William Henry Stiles (January 1, 1808 – December 20, 1865) was a United States Representative and lawyer from Georgia. He was the grandson of Joseph Clay.
Born in Savannah, Georgia, in 1808, Stiles attended high school at the Hopkins School in New Haven, Connecticut. After graduating from Hopkins, Stiles studied law at Yale College, gained admittance to the state bar in 1831 and practiced law in Savannah. He served as the solicitor general for Georgia's eastern district from 1833 to 1836. In 1842, Stiles was elected as a Democratic Representative from Georgia to the 28th United States Congress and served one term from March 4, 1843, until March 3, 1845.
On April 19, 1845, Stiles was appointed by U.S. President James Polk as chargé d'affaires to the Austrian Empire, a position which he held until October 1849. He then returned to his beloved Etowah Cliffs in Cass County where he had a plantation, and lived with his wife Eliza Anne MacKay Stiles, and his children: Mary Cowper Stiles, William Henry Stiles Jr., and Robert MacKay Stiles, and was elected to the Georgia House of Representatives in 1858 and served as that body's speaker of the house.

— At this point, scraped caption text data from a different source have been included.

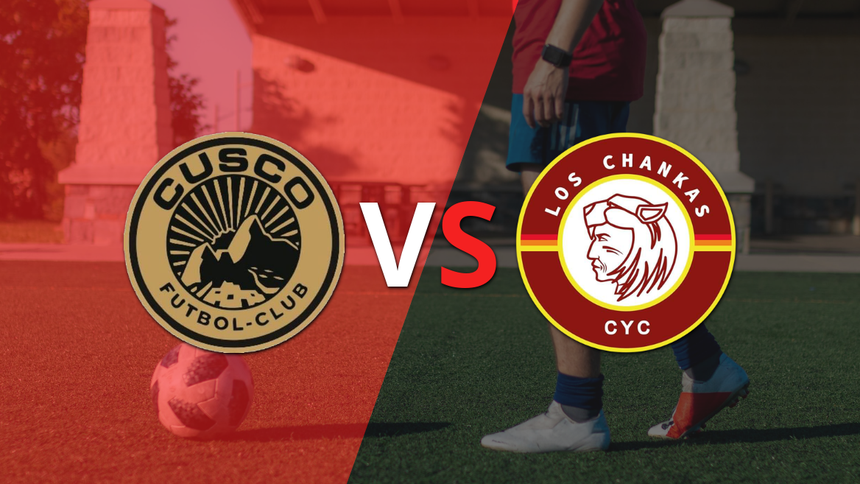 Liga 1: Por la fecha 14, Cusco FC recibirá a Los Chankas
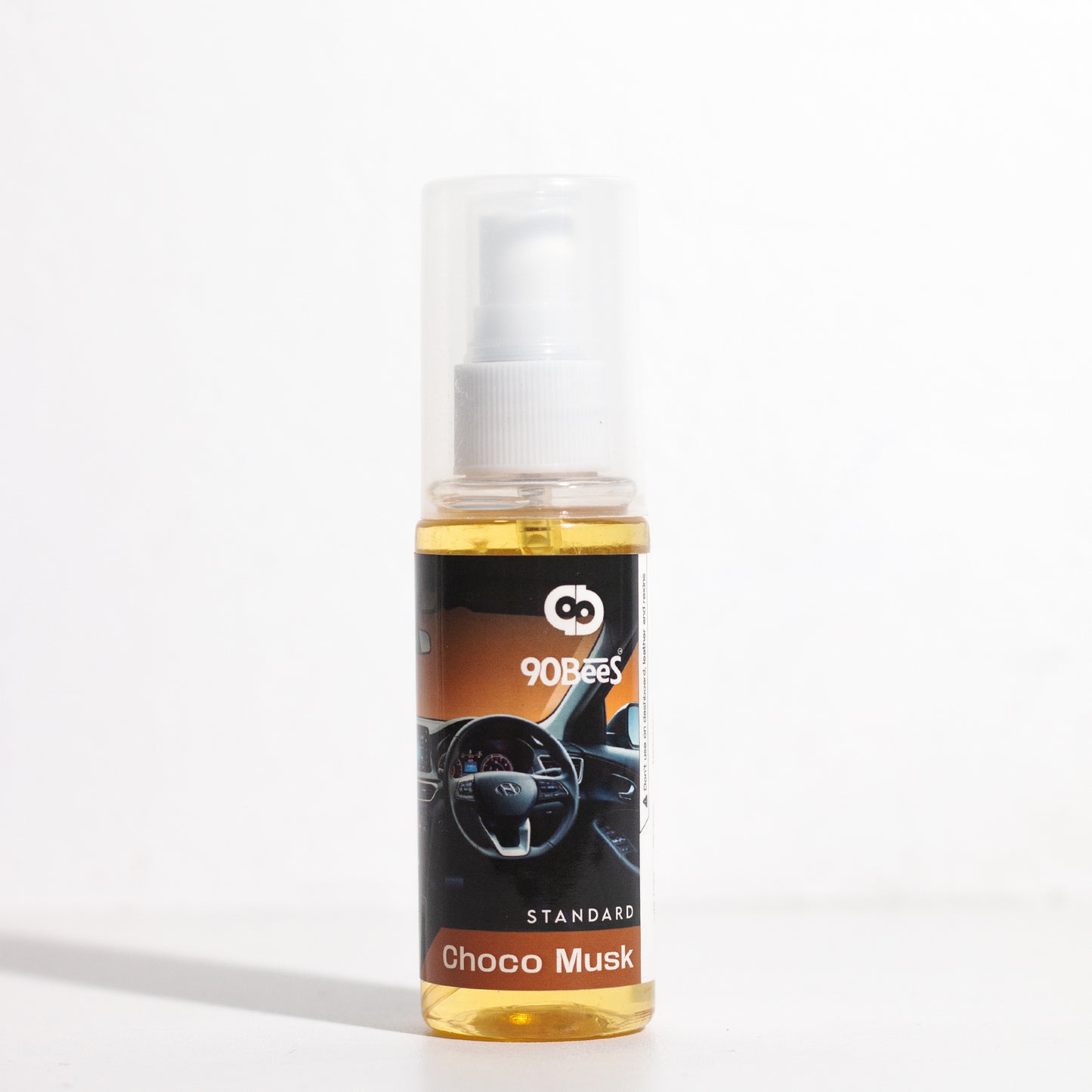 Choco Musk Standard Car Perfume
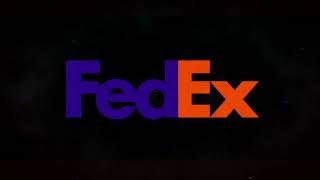 FedEx logo animation After Effects [upl. by Kary]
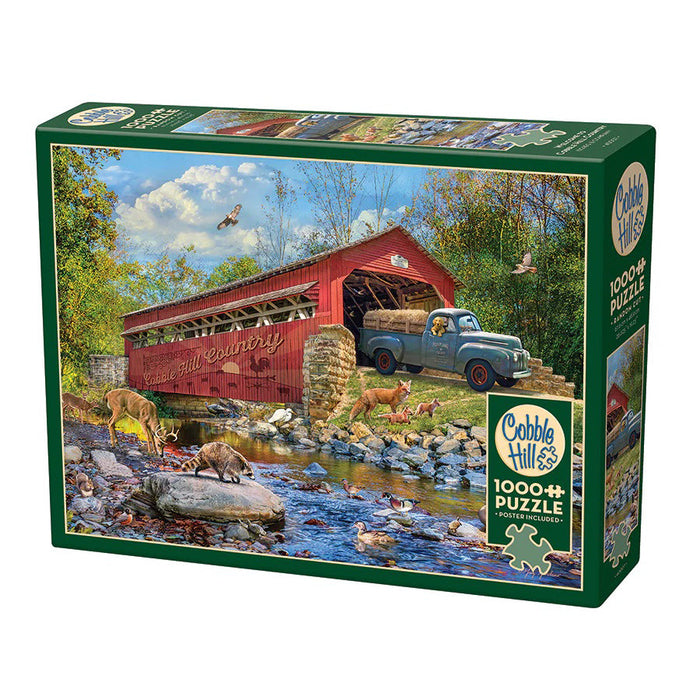 CH - Welcome to Cobble Hill Country - 1000pc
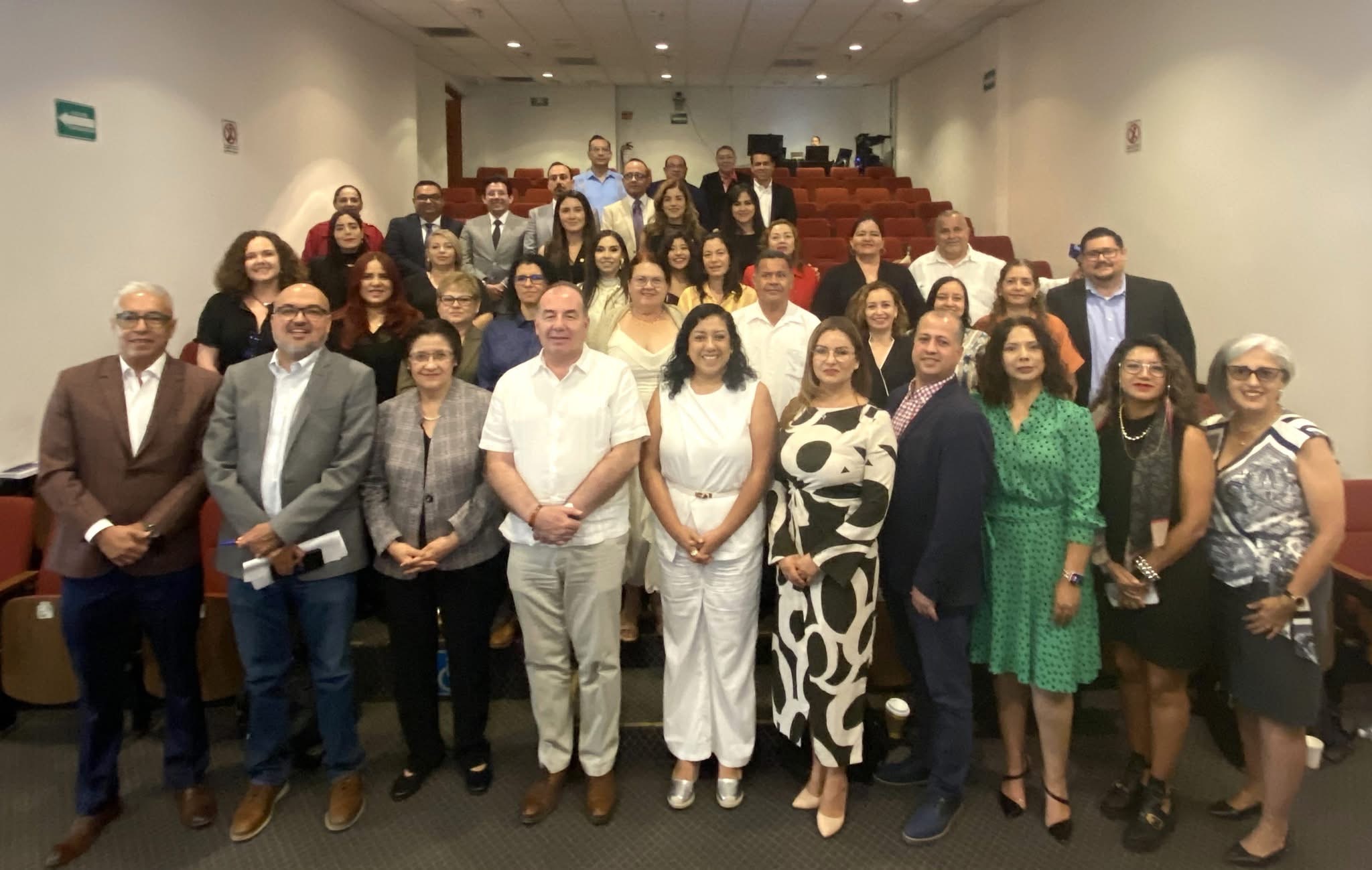 Foro Internacional de Integridad Pública y Combate a la Corrupción.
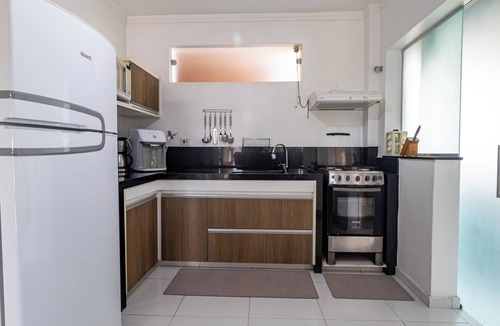 Vila Julia Apartment | Apartamento Enseada 32
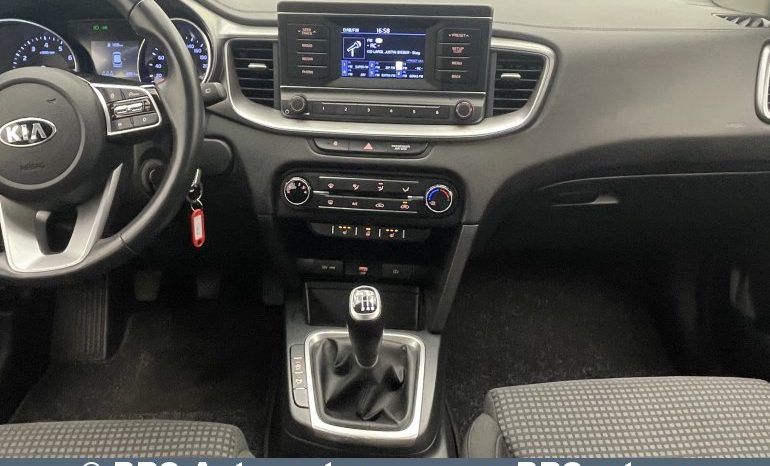 Kia Ceed 1.0 T-GDI 2021 full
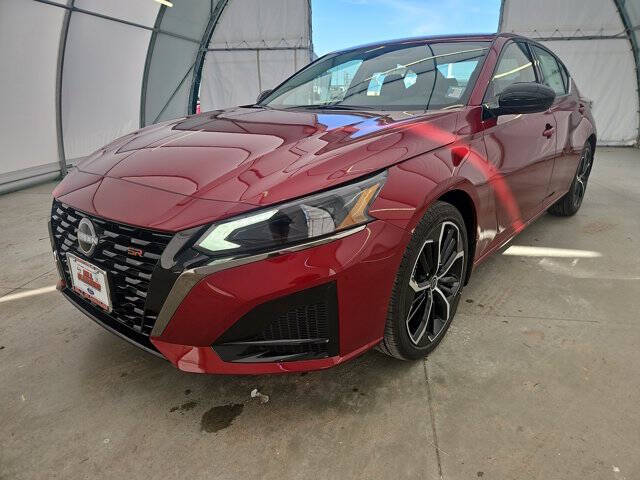 2025 Nissan Altima 2.5 SR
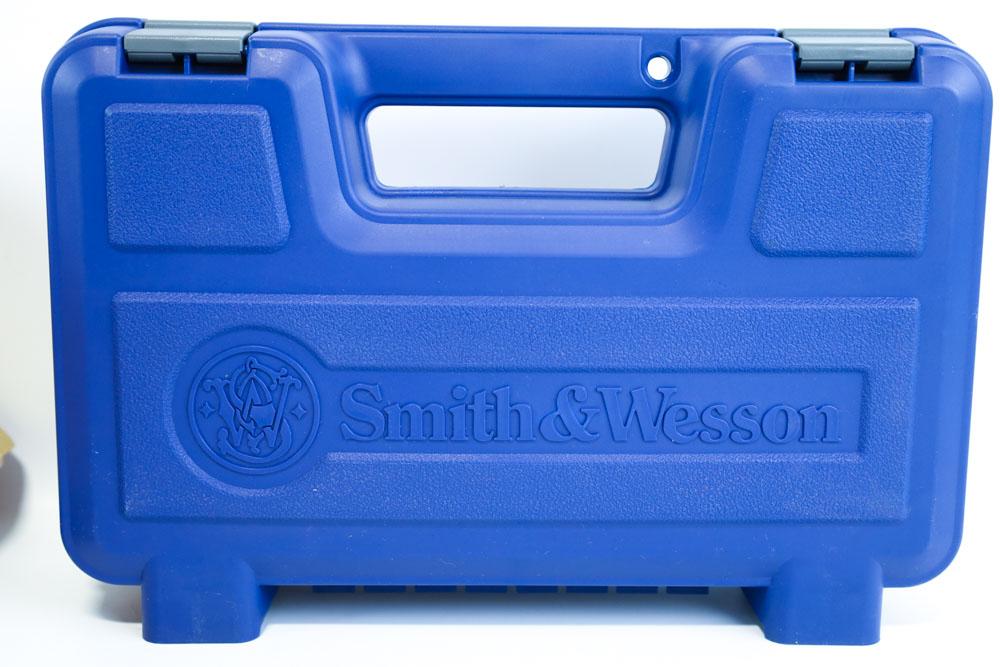 Smith & Wesson Model 29-10 .44 Mag Revolver w Case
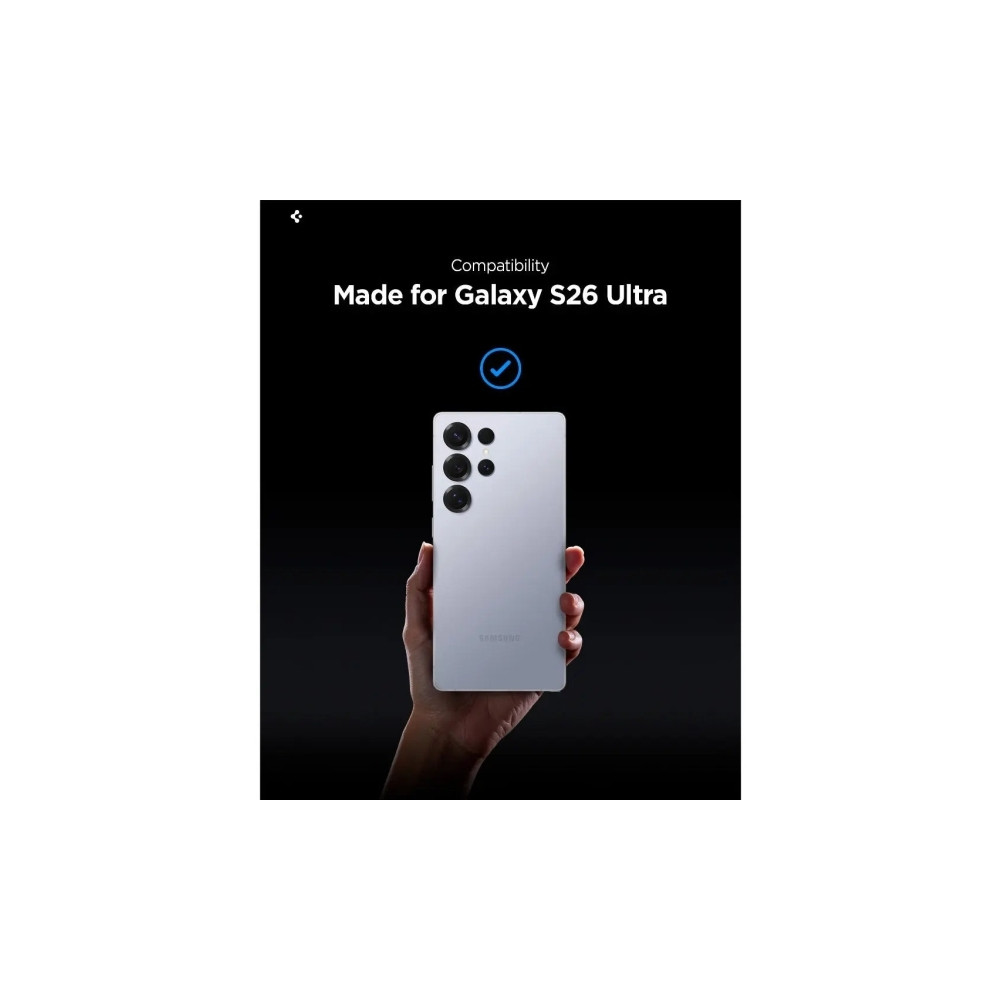 Produktbild för Spigen GLAS.tR EZ Fit Pro HD, Samsung, Galaxy S26 Ultra, Rep...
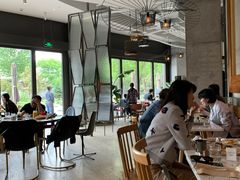 大堂-The Rug Cafe(王府中环店)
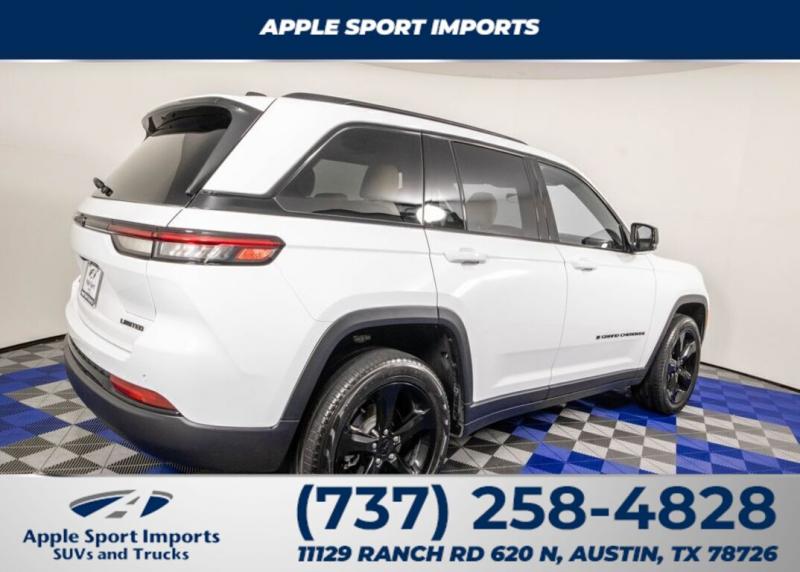 2025 Jeep Grand Cherokee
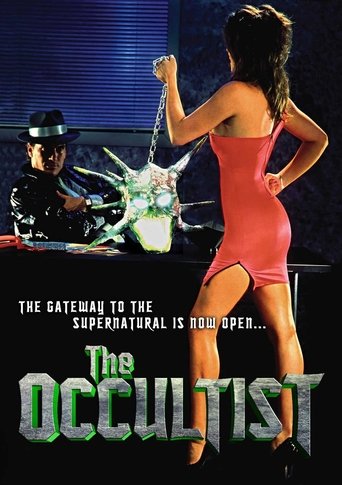 Poster of The Occultist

Stiles served as one of Georgia's at-large delegates to the commercial congress in Montgomery, Alabama, in 1858. Also in 1858 he delivered an address, Southern Education for Southern Youth, to the Cherokee Baptist College. He also was a delegate to the 1860 Democratic National Convention. During the American Civil War, Stiles served as a colonel in the Confederate States Army. He died in Savannah on December 20, 1865 and was buried in Laurel Grove Cemetery in that same city.